Câmara aprova projeto que permite ao município negativar pessoas

Foi aprovado em sessão ordinária da Câmara, na desta segunda-feira, 6 de novembro de 2017, projeto de lei que autoriza a prefeitura de Parnaíba firmar convênio com entidades que prestam serviços de proteção ao crédito (SPC/Serasa), para fins de inscrição no cadastro restritivo, de informações a respeito dos créditos da Fazenda Pública Municipal, de qualquer valor, provenientes de débitos  fiscais de natureza tributária e não tributária, inscritos na dívida ativa, com a consequente divulgação e negativação dos cadastros das empresas e pessoas físicas inadimplentes. Votaram contra a aprovação do projeto os vereadores Daniel Miranda, Fátima Carmino, Ricardo Véras e Beto Sousa e Silva. O vereador Diniz se absteve e o voto foi contabilizado também contra. Mesmo assim o projeto foi aprovado, por maioria absoluta.
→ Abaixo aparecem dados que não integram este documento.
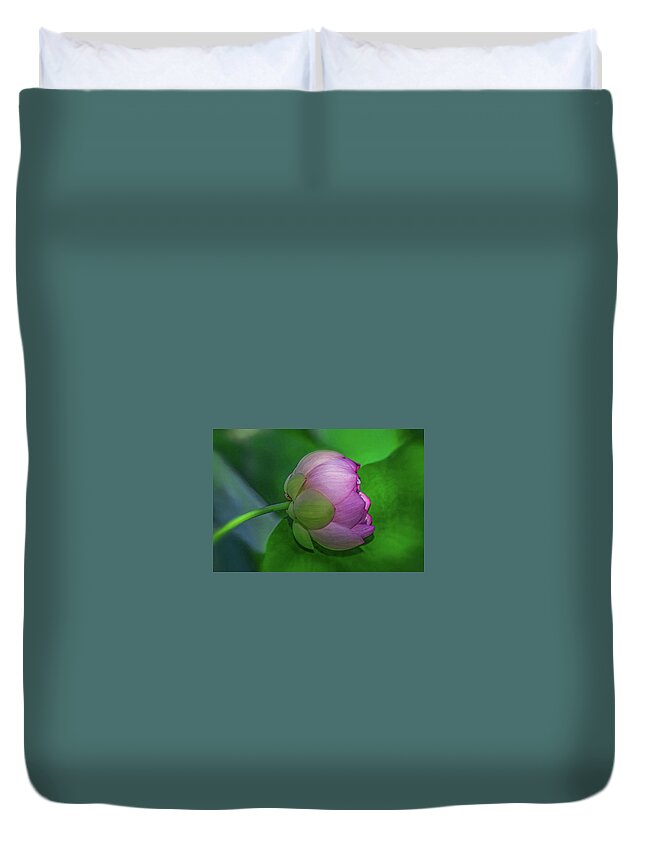 Lotus Flower Duvet Cover featuring the photograph Lighting Lotus by Kevin Lane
“Este projeto foi apresentado porque é uma obrigação do município. Ele tem que usar todos os mecanismos para haver justiça social. E justiça só pode haver, neste caso, quando todos pagam seus tributos. E não uns, e outros não”, disse o procurador da Fazenda Municipal, Emerson Ramin, presente à sessão, para dar explicações aos vereadores. Ele assegurou que ninguém será negativado junto aos órgãos de proteção ao crédito, antes do prazo final do Refis, que a prefeitura também aprovou na Câmara, além do que todos serão chamados a negociar seus débitos, serão propostos acordos, de modo que ninguém seja prejudicado, principalmente os de menor poder aquisitivo. E para reforçar isso, foi apresentada uma emenda ao projeto, determinando que contribuintes com débitos inferiores a R$ 620,00 não serão negativados.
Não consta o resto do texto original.